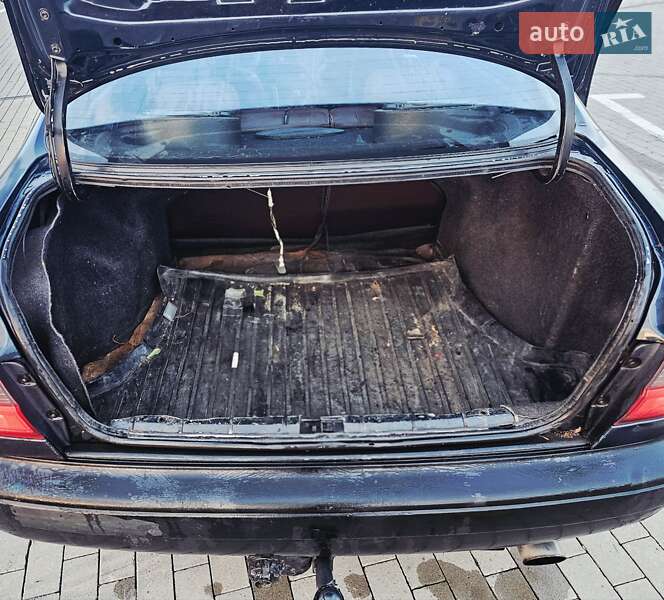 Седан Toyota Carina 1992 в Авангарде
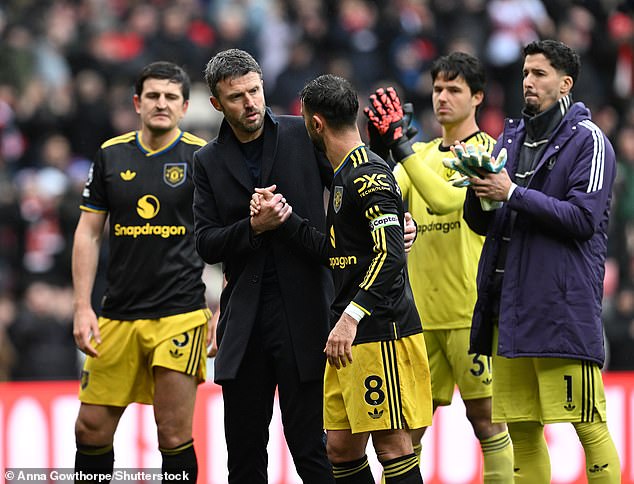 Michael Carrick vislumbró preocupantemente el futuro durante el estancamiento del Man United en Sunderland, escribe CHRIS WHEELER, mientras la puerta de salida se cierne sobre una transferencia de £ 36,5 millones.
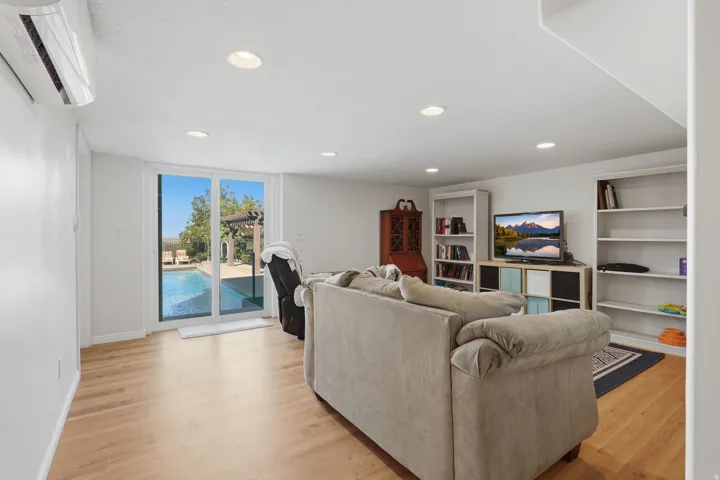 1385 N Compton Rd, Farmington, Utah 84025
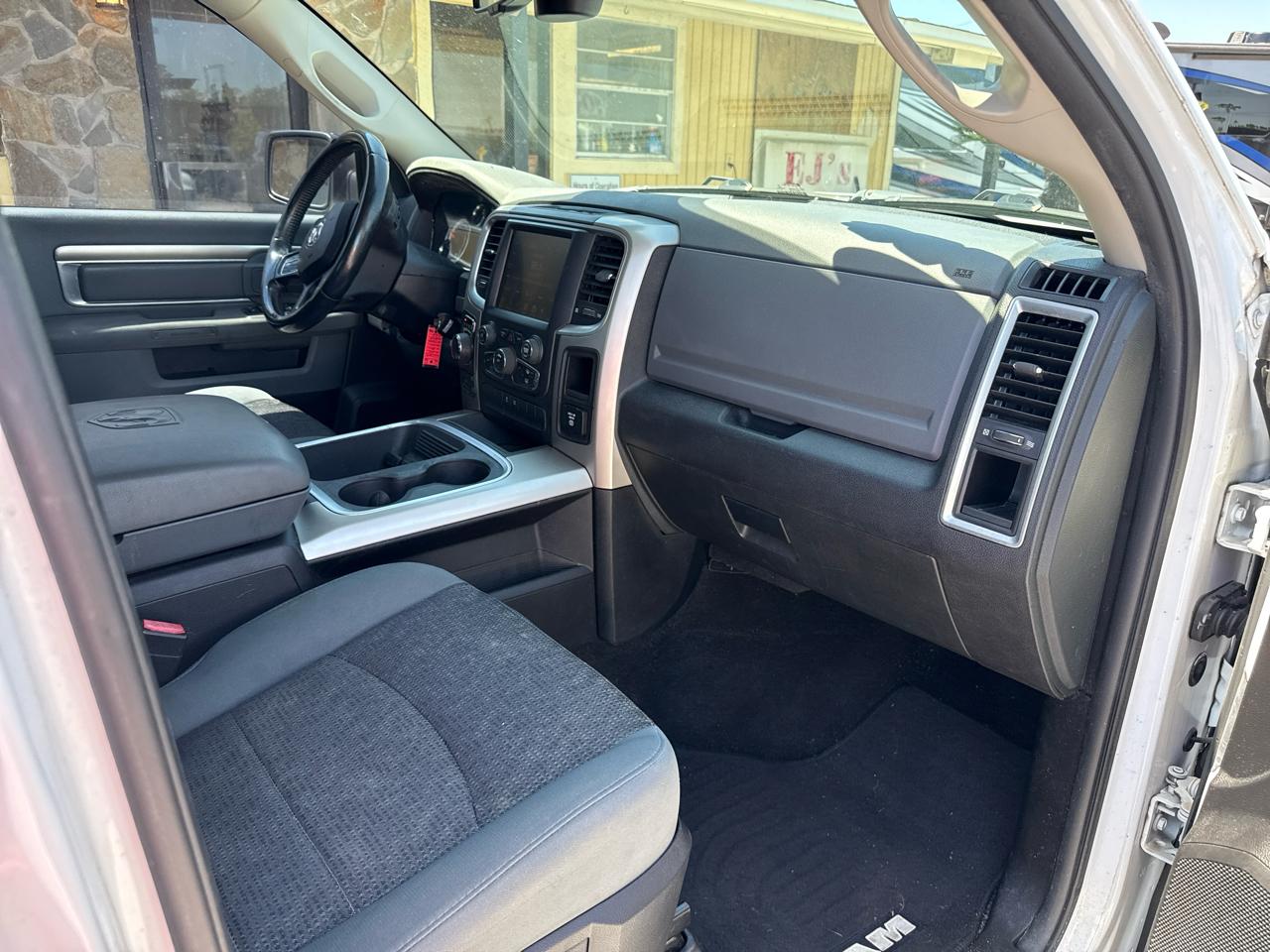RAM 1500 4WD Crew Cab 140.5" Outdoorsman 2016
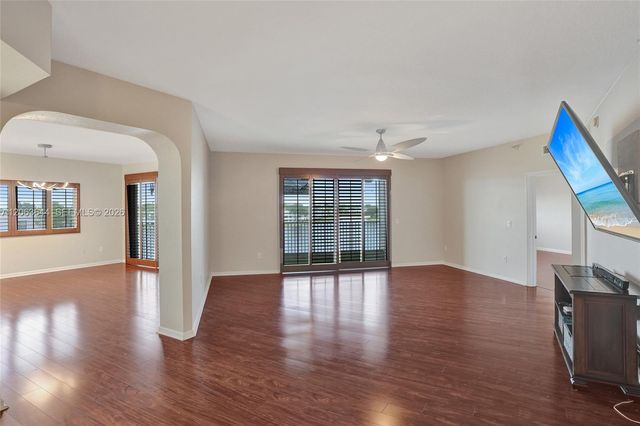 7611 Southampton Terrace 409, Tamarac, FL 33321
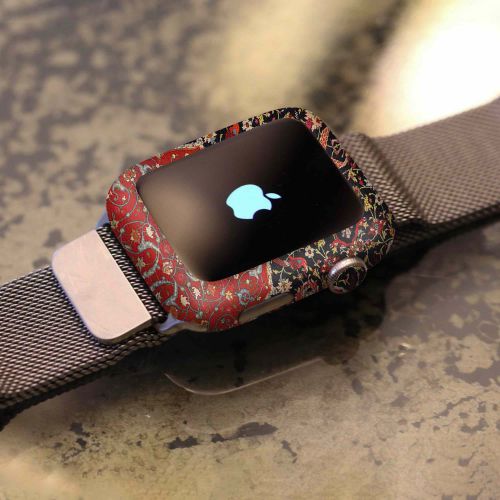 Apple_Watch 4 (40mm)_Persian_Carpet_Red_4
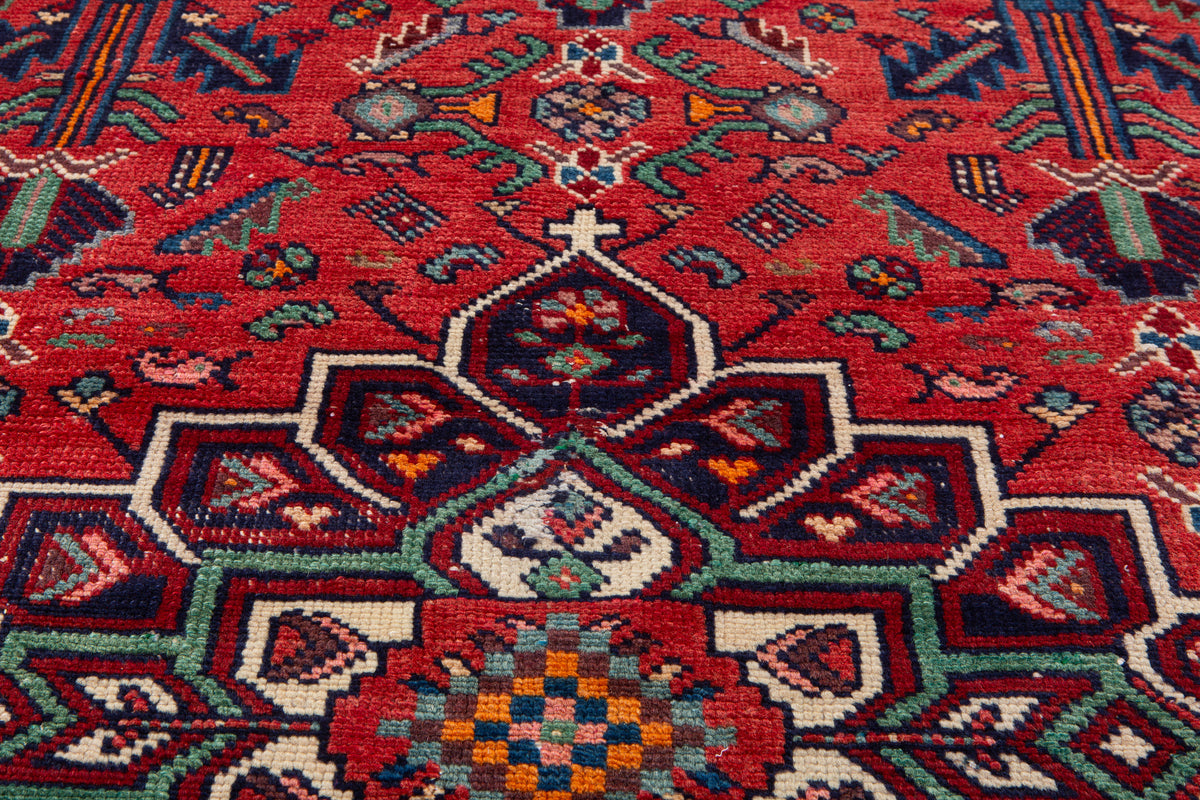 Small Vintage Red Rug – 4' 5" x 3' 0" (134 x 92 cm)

*****

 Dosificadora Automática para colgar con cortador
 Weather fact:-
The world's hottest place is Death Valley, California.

*****

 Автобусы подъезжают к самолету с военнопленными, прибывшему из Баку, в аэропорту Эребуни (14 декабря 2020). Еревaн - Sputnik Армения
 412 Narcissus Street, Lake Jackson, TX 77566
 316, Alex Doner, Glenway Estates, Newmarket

*****

## HOW TO COMPLETE THIS TASK
In the listing above, find the line with "RAM 1500 4WD" and the line with "Small Vintage Red". Set down both and every line between them, minus the pictures.

## ANSWER FOR THE TASK
RAM 1500 4WD Crew Cab 140.5" Outdoorsman 2016
 7611 Southampton Terrace 409, Tamarac, FL 33321
 Apple_Watch 4 (40mm)_Persian_Carpet_Red_4
 Small Vintage Red Rug – 4' 5" x 3' 0" (134 x 92 cm)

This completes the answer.